David Shambaugh, professor of political science and international affairs and a founding director of the China Policy Program at George Washington University, will give a Phi Beta Kappa Visiting Scholar lecture at Washington and Lee University on Thursday, March 1, at 7:30 p.m. in Northen Auditorium, Leyburn Library.
The title of the lecture is “China’s Global Identities: The Conflicted Rising Power” and is free and open to the public.
A number of things will influence what kind of role China will take on the international stage, but, Shambaugh says, “China’s own conceptions of itself and its global responsibilities will be a major determining factor.” He will explore “the domestic discourse in China concerning its international identities” and will link these to alternative foreign policy postures that Beijing assumes on the world stage.
Shambaugh, one of the nation’s leading experts on China, is a nonresident senior fellow in the Foreign Policy Studies Program at the Brookings Institution. He has authored or edited 25 books and over 200 articles and book chapters. His most recent publications are Charting China’s Future; China’s Communist Party: Atrophy and Adaptation; International Relations of Asia; China-Europe Relations; and China Goes Global (forthcoming).
Shambaugh is a board member of the National Committee on United States-China Relations and a member of the International Institute for Strategic Studies, the Council on Foreign Relations and the United States Asia Pacific Council.
Before joining the faculty at GWU, Shambaugh taught at the University of London School of Oriental and African Studies, where he also was editor of The China Quarterly. He has been a fellow at the Woodrow Wilson International Center for Scholars, an honorary research professor at the Shanghai Academy of Social Sciences and a senior Fulbright research scholar at the China Academy of Social Sciences’ Institute of World Economics and Politics.
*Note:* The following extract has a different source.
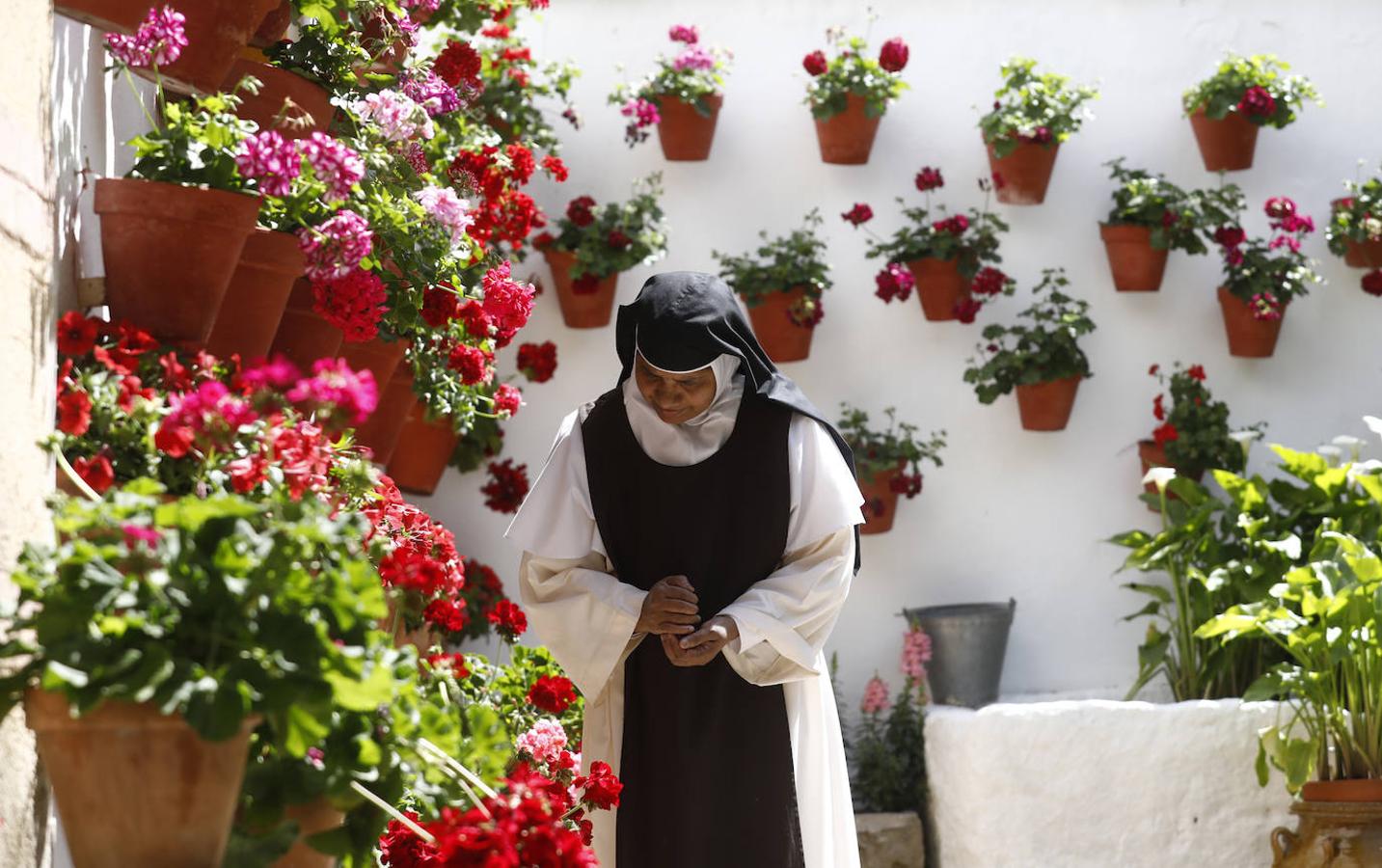 Los preparativos de los Patios de Córdoba, en imágenes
Shambaugh earned his B.A. from George Washington University, his M.A. from Johns Hopkins University and his Ph.D. from the University of Michigan.
The Phi Beta Kappa Visiting Scholar Program makes available each year a dozen or so distinguished scholars who will visit colleges and universities with chapters of Phi Beta Kappa. They spend two days on each campus, meeting informally with students and faculty members, taking part in classroom discussions in addition to giving a public lecture.
The purpose of the program is to contribute to the intellectual life of the institution by making possible an exchange of ideas between the Visiting Scholars and the faculty and students. The program was established in 1956.